Se no caso dos websites falsos pode ser difícil de navegar até à solução, no caso das plataformas online a situação toma outros contornos, igualmente confusos e crípticos. Em muitos casos, as leis dos diferentes países não são claras quanto à responsabilização das plataformas pelos conteúdos presentes nas mesmas. Esta questão é particularmente relevante, uma vez que ao mesmo tempo que a internet expande em número de dispositivos ligados, também se tem concentrado nas maiores plataformas. Estima-se que 90% do tráfego da internet interaja com o top 10% de domínios ativos.
Se um vendedor colocar produtos falsos na Amazon ou filmes pirateados no YouTube, até que ponto é que a plataforma é responsável a nível criminal pelos conteúdos dos seus utilizadores? Poderá a plataforma ser obrigada a fornecer os dados desses mesmos utilizadores a investigadores públicos e privados para que se descubra a origem e dimensão da operação infratora? E que países é que estão autorizados a investigar? Mesmo os especialistas dividem-se.

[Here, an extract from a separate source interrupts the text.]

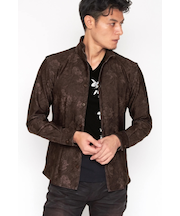 TORNADO MART∴HTフラワーデニム柄プリントシャツ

Para contornar este problema, a maioria das plataformas têm vindo a adotar sistemas de remoção voluntária de conteúdos, onde os detentores de direitos podem pedir que os conteúdos infratores sejam removidos. Em grande medida, estes sistemas têm ajudado a manter alguma sanidade nestas plataformas. No entanto, a falta de clareza na maioria das leis, e o facto de a internet ser por natureza transfronteiriça dificulta em muito a adoção de uma política harmonizada de proteção de direitos.
Esta realidade causa também problemas às próprias plataformas, quer sejam elas estabelecidas ou em crescimento, uma vez que lidar com este tipo de situações, à escala da internet, é um problema de difícil resolução e que suga recursos internos que poderiam ser alocados noutras áreas.
Felizmente, e mesmo apesar de todas as dificuldades, a Food Huggers é hoje uma empresa de sucesso. A marca é reconhecida pelos seus designs originais e funcionais, e pela qualidade dos seus produtos.
Este sucesso não seria possível sem outra componente fundamental: a estratégia de proteção de marca online empregada desde o primeiro momento, que resultou na monitorização e retirada de milhares de listagens infratoras de sites de e-commerce, perfis falsos de redes sociais e websites infratores, estratégia essa que certamente continuará a ser um pilar fundamental para o seu crescimento no futuro. E, numa perspetiva mais abrangente, o mundo tem de chegar a um consenso de como regular os conteúdos online de forma harmonizada, encontrando um equilíbrio entre a liberdade e diversidade dos intervenientes e a proteção da inovação.